Yahapalanaya at work after nearly 200 days in office.
I immediately decided go to a cinema and have a beer alone (that is not the tradition).
I bought a ticket and sat for a while reading a comic.
I actually slept through the first half of the film and well before the intermission I went to the side bar.
The boy said no alcohol Sir.
It is banned in Cinemas NOW.
I hit the ceiling and came out of the film studio cursing myself since liquor bars are not open till 4 P.M. in the city.
I could not celebrate the Receiving a Receipt, rather acknowledgement of the receipt of a personal letter.
Came home told my wife that we have to celebrate this and arrange a hotel reception and gave the list who should be invited and the hotel that should be booked.
I drop to sleep immediately and went into my dream mode (MDM).
Guess what I was the dreaming?
I was duly elected as a member of the parliament.
I entered the parliament lobby.
The place was smelling of all sort of liquor aroma, not only local but expensive foreign stuff.
I inquired from the secretary whether they use a special type of aroma.
He was bemused.
No sir this is real alcohol smell.
Then I said there is nobody in and the parliament was not in session.
Then he asked me whether I was a teetotaler.
I said no.
When it is in session one gets drunk by inhaling the exhale Sir, if one is a teetotaler.
Then he asked would you mind a drink.
I said; not at all.
Then when we entered the bar it was buzzing with activity.
All the members who never had spoken a word in parliament were there invigorating their bloated images.
Then I told him the first warning, second warning and the firing protocol and the public service.

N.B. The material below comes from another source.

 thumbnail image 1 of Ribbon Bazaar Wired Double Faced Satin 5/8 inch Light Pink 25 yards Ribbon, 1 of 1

He went into a spontaneous uproar.
In that case we will not have a single member of parliament left to function.
But there is one left.
Who is that?
I took this job for only one reason and one reason alone.
That is I get free liquor on board.
But you are not covered by parliamentary privileges and you can be fired.
No. NO, I keep the files here and if there is an inquiry against me I will keep that file always on the bottom.
Then he said there are enormous number of complaints against the members and not a single file is opened for enquiry.
That is called the real parliament privilege and that is why all the criminals are fighting to enter the parliament.
I woke up in a state of SHOCK and nothing else to do I decided to release my mental agony.